*** Task material Section Begins ***

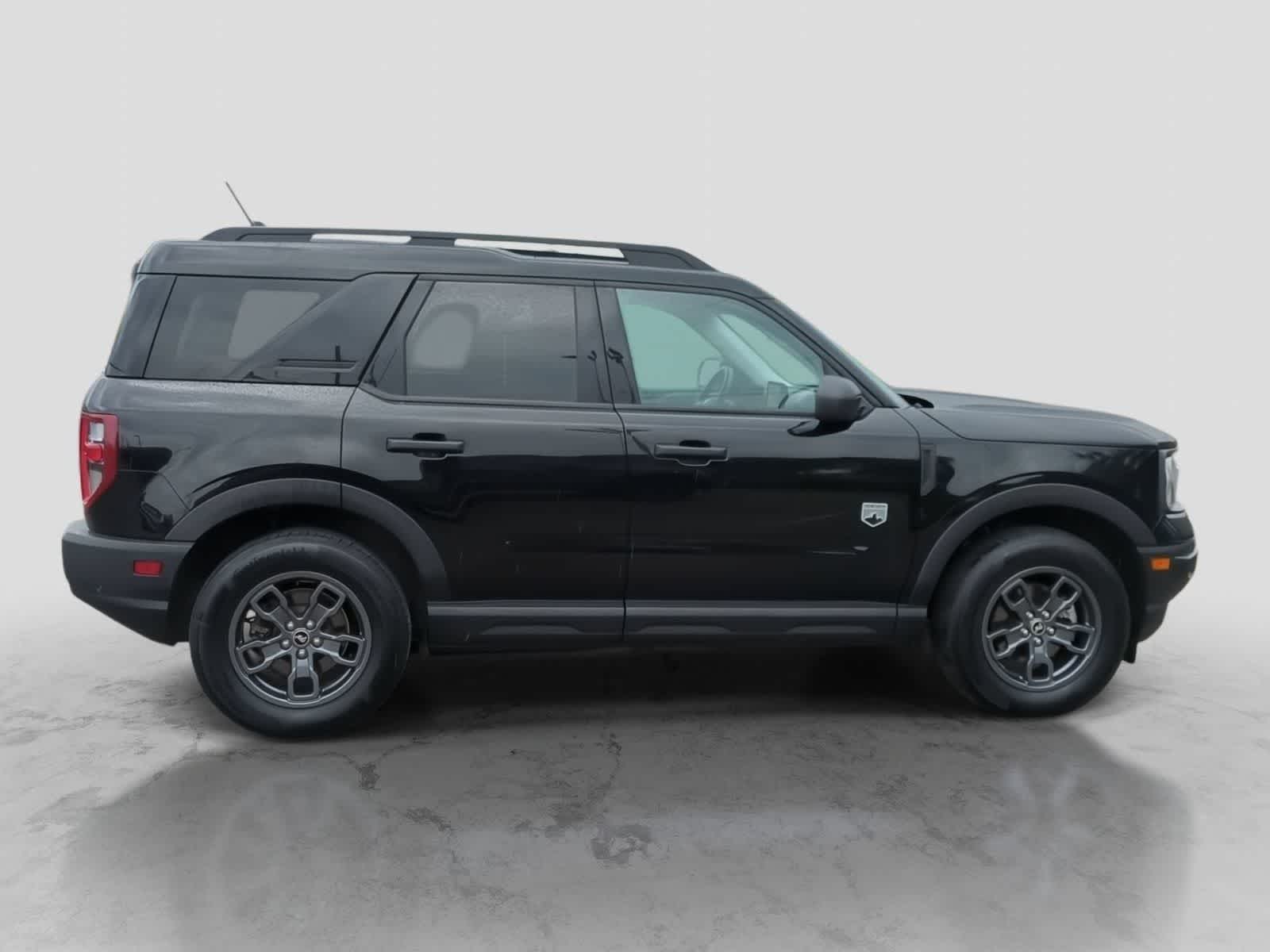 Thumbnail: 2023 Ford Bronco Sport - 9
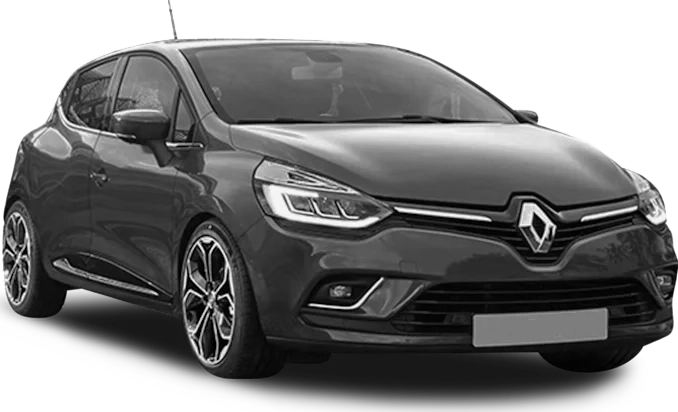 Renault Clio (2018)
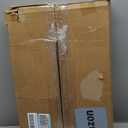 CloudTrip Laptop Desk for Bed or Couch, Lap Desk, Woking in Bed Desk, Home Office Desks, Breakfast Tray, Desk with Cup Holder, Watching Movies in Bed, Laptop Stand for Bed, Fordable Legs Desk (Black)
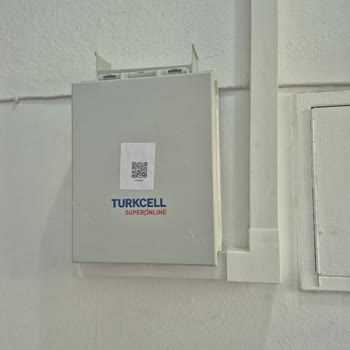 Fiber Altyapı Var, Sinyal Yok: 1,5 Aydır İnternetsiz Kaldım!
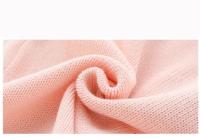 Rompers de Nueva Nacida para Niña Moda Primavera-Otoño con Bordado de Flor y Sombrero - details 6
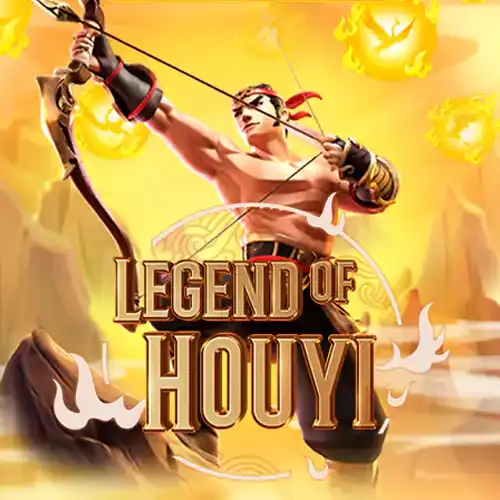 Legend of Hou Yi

*** Task material Section Ends ***

» **About this exercise**: Please reproduce, word for word, only the lines from the line that holds "CloudTrip Laptop Desk" through the final line of the entries above, omitting any pictures.

» **Written answer**:
 CloudTrip Laptop Desk for Bed or Couch, Lap Desk, Woking in Bed Desk, Home Office Desks, Breakfast Tray, Desk with Cup Holder, Watching Movies in Bed, Laptop Stand for Bed, Fordable Legs Desk (Black)
 Fiber Altyapı Var, Sinyal Yok: 1,5 Aydır İnternetsiz Kaldım!
 Rompers de Nueva Nacida para Niña Moda Primavera-Otoño con Bordado de Flor y Sombrero - details 6
 Legend of Hou Yi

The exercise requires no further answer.